По назначении меня инспектором внутренней стражи я часто имел счастие быть призываемым в кабинет государя. Его величество весьма много занимался сею вновь учрежденною им частью. Когда я представил императору первый месячный рапорт о вверенной мне сей обширной и по всей России, кроме Сибири, разбросанной инспекции, государь был чрезвычайно доволен. Как инспектор внутренней стражи я имел при себе канцелярию, состоящую из одного секретаря, двух чиновников, обер-аудитора и нескольких писцов. По званию моему, я мог иметь 4-х адъютантов, но сначала находились при мне только три: Преображенского полка барон Швахгейм, Семеновского – Дохтуров и Измайловского – Храповицкий.
Настал для России роковой 1812 год. Государь в марте месяце отправиться изволил в Вильно, куда приказал и мне ехать. За несколько времени перед отъездом у императора был обеденный стол, на котором, в числе многих военных чиновников, и я находился. После обеда государь подошел к нам и сказать изволил:
– Мы участвовали в двух войнах против французов как союзники и, кажется, свой долг исполнили, как должно; теперь пришло время защищать свои собственные права, а не посторонние, а потому надеюсь и уповаю на Бога, что всякий из нас исполнит свою обязанность и что мы не помрачим военную славу, нами приобретенную.
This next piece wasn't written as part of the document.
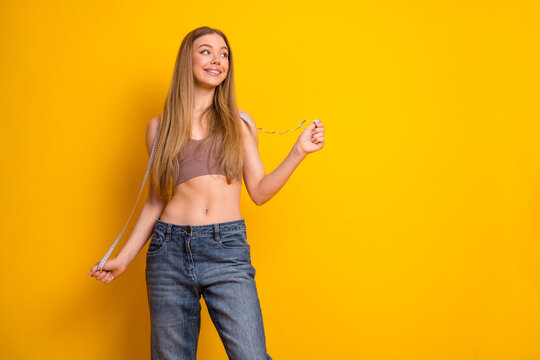 Attractive young woman holding a measuring tape and smiling in a casual outfit against a vibrant yellow background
Я взял с собой в Вильно двух моих адъютантов – Швахгейма и Дохтурова – и обер-аудитора Куликова, а адъютанта Храповицкого оставил в Петербурге управлять моею канцелярией. Кому неизвестны военные и политические происшествия сей знаменитейшей эпохи в летописях нашей империи? Впрочем, судьбе неугодно было, как впоследствии будет видно, чтобы я и в сей войне деятельным образом на поле брани участвовал. Сведения, которые о ней имею, я почерпнул из реляций и из других источников, а потому и говорить здесь о сей войне я не намерен.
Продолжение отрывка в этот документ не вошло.